[gpaw-users] Restarting an optimization run
Nichols A. Romero
naromero at alcf.anl.gov
Fri Jan 18 16:49:45 CET 2013
Calculating the forces is not a big deal for small system, but we (ANL people) have done geometry relaxation of Pt 961 cluster with the FD code. Recalculating anything was quite painful.
Are the forces stored in either the .traj or .pckl file? Then the thing to do is to have the calculator not throw away the forces in restart mode and to have a new restart mode that does not require .gpw or .hdf5, we can call it restart 'lite'.
Usually I don't think too much about the space wasted by .gpw or .hdf5 file, but if you have a Linux cluster where everyone is running GPAW.... I could see it using up a lot of space quite quickly. Hopefully at CAMd people are using GPAW and not VASP :)
----- Original Message -----
> From: "Michael Walter" <Michael.Walter at fmf.uni-freiburg.de>
> To: "Jens Jørgen Mortensen" <jensj at fysik.dtu.dk>
> Cc: gpaw-users at listserv.fysik.dtu.dk
> Sent: Friday, January 18, 2013 7:17:13 AM
> Subject: Re: [gpaw-users] Restarting an optimization run
> 2013/1/18 Jens Jørgen Mortensen < jensj at fysik.dtu.dk >
>
>
> Den 18-01-2013 12:46, Ask Hjorth Larsen skrev:
>
> > Hi
> >
> > Could someone summarize what exactly the problem with trajectory
> > restarts was?
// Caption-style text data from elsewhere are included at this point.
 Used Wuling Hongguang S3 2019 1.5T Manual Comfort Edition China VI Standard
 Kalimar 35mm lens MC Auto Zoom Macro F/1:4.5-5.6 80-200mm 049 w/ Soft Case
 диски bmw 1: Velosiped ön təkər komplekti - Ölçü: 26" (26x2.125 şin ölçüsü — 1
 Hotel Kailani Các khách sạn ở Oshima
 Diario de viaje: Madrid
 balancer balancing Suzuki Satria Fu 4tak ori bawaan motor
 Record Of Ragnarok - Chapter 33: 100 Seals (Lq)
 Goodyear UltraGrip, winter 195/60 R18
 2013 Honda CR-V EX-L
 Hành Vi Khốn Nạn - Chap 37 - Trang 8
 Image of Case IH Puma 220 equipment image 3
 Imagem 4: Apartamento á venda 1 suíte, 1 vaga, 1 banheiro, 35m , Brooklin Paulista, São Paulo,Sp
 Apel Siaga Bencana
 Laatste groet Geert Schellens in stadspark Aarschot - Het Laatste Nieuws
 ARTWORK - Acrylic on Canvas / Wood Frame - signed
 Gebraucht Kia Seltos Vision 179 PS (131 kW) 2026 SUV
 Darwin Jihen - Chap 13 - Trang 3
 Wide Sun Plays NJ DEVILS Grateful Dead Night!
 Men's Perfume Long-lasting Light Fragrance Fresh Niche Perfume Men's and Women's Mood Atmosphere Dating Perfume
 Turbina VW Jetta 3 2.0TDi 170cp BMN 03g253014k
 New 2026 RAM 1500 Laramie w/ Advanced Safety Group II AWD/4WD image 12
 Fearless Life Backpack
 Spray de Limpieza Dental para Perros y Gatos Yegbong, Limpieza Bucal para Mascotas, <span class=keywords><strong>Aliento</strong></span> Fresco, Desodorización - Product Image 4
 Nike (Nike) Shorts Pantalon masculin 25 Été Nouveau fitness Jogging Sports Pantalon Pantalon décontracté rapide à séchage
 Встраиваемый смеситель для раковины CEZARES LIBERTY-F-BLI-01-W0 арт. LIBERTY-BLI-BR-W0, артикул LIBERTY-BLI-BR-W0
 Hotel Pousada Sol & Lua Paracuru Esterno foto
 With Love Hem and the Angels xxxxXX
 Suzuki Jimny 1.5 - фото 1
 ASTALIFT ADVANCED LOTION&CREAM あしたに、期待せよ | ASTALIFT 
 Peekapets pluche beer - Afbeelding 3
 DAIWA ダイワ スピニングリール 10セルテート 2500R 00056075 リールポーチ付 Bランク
Isn't it just a question of fixing the optimizers so
> > they use all the data available?
>
> If you restart like this:
>
>
> atoms = read('a1.traj')
> atoms.set_calculator(GPAW(...))
> opt = Optimizer(atoms, trajectory='a2.traj')
> opt.run(fmax=0.05)
>
>
> then after the first line, atoms will have a SinglePointCalculator
> object as its calculator and this object knows about the forces from
> the
> last image in the trajectory.
>
> Second line: the SinglePointCalculator is replaced by a fresh GPAW
> calculator which doesn't know anything.
>
> Line 4: The forces are calculated again :-(
>
>
>
> Is it that bad ? The electronic structure, i.e. the Kohn-Sham states
> have to be calculated again anyway. It should be of little cost to
> calculate the forces again.
>
>
> In particular in a optimization run, that can have up to hundreds of
> steps (my structure guesses are bad sometimes ;) this should be a
> vanishing low computational effort.
>
>
> Or did I overlook something ? I always restart from the trajectory
> file in the way of the "bad" example above.
>
>
> Best,
> Michael
>
>
>
> Jens Jørgen
>
>
>
> > Regards
> > Ask
> >
> > 2013/1/18 Jussi Enkovaara < jussi.enkovaara at aalto.fi >:
> >> On 2013-01-18 11:44, Jens Jørgen Mortensen wrote:
> >>> Den 17-01-2013 17:31, Nichols A. Romero skrev:
> >>>> JJ,
> >>>>
> >>>> I have a different script for restarting.
> >>>>
> >>>> Note that this was doesn't have the shutdown observer
> >>>> http://en.pastebin.ca/2303938
> >>>>
> >>>> But I basically do as Jussi, I restart from HDF5.
> >>>>
> >>>> Which we highly encourage people to use, because it works very
> >>>> well. Even on 100,000 cores :)
> >>>>
> >>>> I agree with what you say, most people just submit structural
> >>>> optimization for the maximum walltime and just let GPAW run.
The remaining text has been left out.